C’est d’ailleurs pourquoi le Conseil recommandait, dans son avis «Vieillissement et santé fragile: un choc pour la famille?», d’améliorer les services aux personnes en perte d’autonomie, non seulement pour mieux répondre à leurs besoins, mais également dans l’optique de soulager les familles aidantes. Autrement dit, le vieillissement doit se préparer tant au niveau individuel, familial que collectif. Et pour répondre à votre question, je dirais que le Québec amorce présentement cet exigeant processus d’adaptation.»


Russel Copeman
Président du comité national d’éthique sur le vieillissement et les changements démographiques

«La question suggère que les aînés coûtent cher ou demandent davantage de dépenses publiques. Ce qui n’est pas forcément le cas. La majorité des aînés mènent une vie indépendante et contribuent à la société québécoise. De simplement voir les aînés comme des consommateurs de services publics est selon moi une erreur. Toutes les études démontrent qu’en terme de soins et de services sociaux, les coûts importants sont pour les trois derniers mois de vie.
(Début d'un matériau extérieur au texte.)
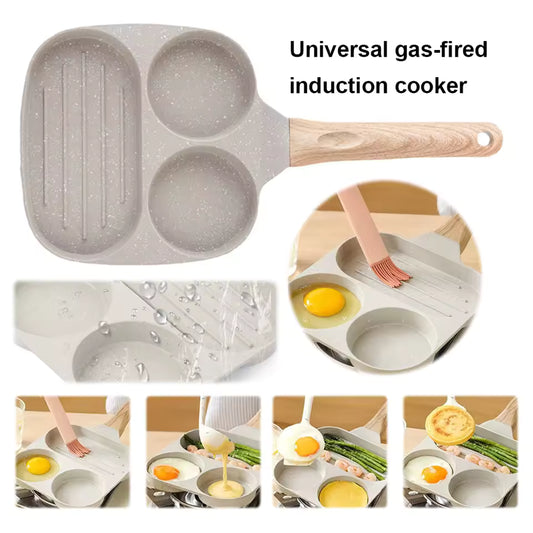 Medical Stone Pancake Pan Nonstick Granite Omelette Skillet Divided Grill Pan for Gas Stove and Induction Cookware
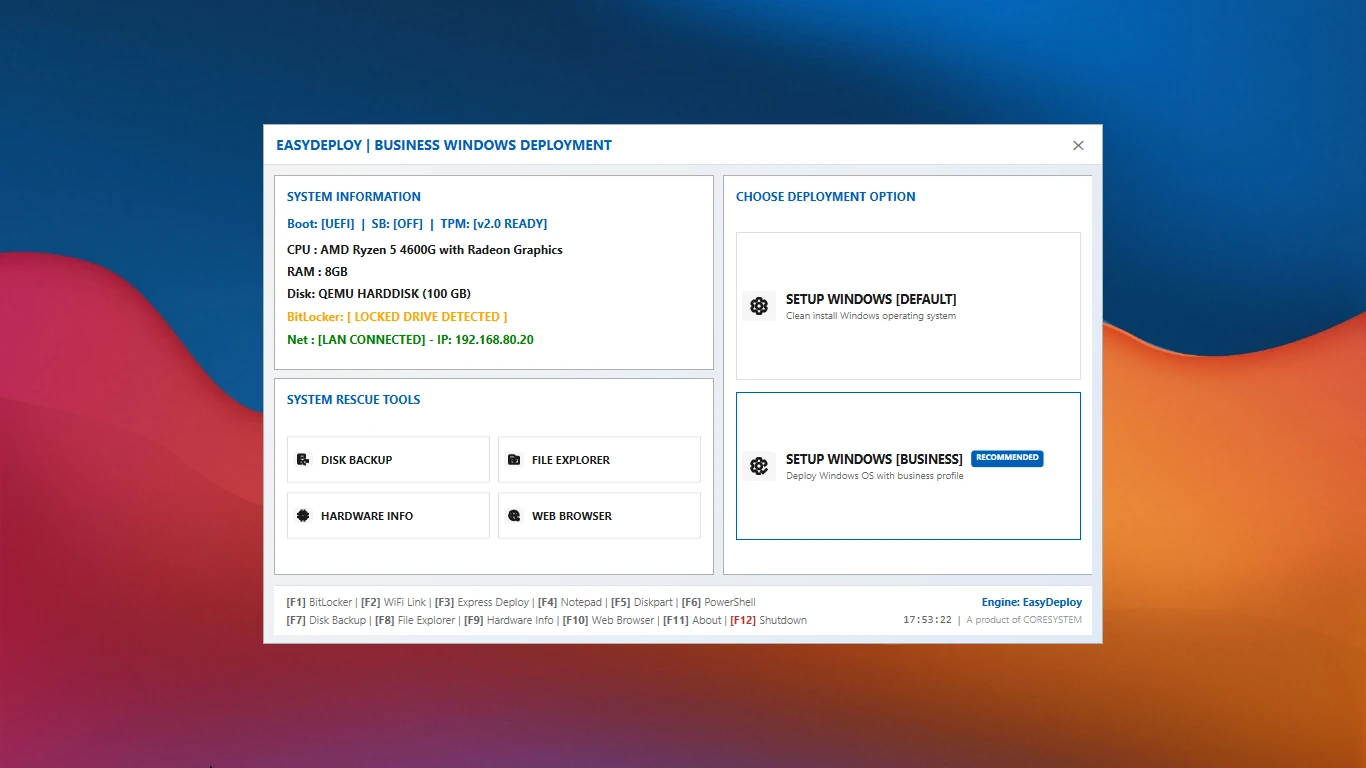 EasyDeploy WinPE interface — screenshot 1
L’explosion des coûts qu’on remarque actuellement est due à une multitude de facteurs et ce n’est pas seulement la faute des aînés!

D’un autre côté, la notion de la contribution des aînés à la société est fort intéressante. Ce n’est pas parce qu’on a pris notre retraite qu’on ne peut plus apporter quelque chose à la société québécoise. On a la responsabilité de trouver des façons pour que les aînés puissent contribuer à la société. Que ce soit par le mentorat, le bénévolat, la transmission d’expérience, de valeurs et de connaissances aux générations futures.

Une chose est certaine, on a besoin de forums où toutes les générations peuvent discuter des questions liées au vieillissement de la population pour partager ses préoccupations et mieux connaître les réalités de tous et chacun. On a tendance à discuter de ces questions en silo, en isolement. Mais il manque des échanges où l’on peut parler de ces enjeux collectivement. On ne peut pas en parler simplement en fonction de notre groupe d’âge ou de notre situation personnelle. Ça amène une fragmentation de notre société qui est non désirable. On est tous dans le même bateau et il faut ramer dans la même direction sinon on va tourner en rond.»

L’avis des jeunes

  • Michel Jacques
    24 ans, étudiant en génie physique à la Polytechnique

«Je pense que pour nos ainés en santé, il n’y aura aucun problème. Par contre, pour ceux qui ont plus de difficulté, je ne crois pas que nous sommes prêts à passer outre et voir en eux la même sagesse que chez leurs pairs en santé. Je crois qu’il faut arrêter de parquer les «vieux» dans les centres et les garder plus proches de la famille. C’est selon moi inévitable étant donné qu’on meurt de plus en plus âgés. Et puis être en famille ça aide à rester en santé.»

  • Sophia Kaméni
    23 ans, étudiante

«Avec une population de plus en plus vieillissante, le choix s’impose facilement. Des retraites tardives et une santé améliorée devrait certainement pousser la société à réévaluer la place qu’occupe les aînés. À l’heure où les différentes crises nous font rêver d’une société plus juste et plus durable, la solidarité prend tout son sens. Nos aînés sont aussi nos parents et je crois que nous devons les honorer. De plus, le savoir des aînés et le vouloir des jeunes offrent une synergie parfaite à la réussite et l’avancement d’un peuple.»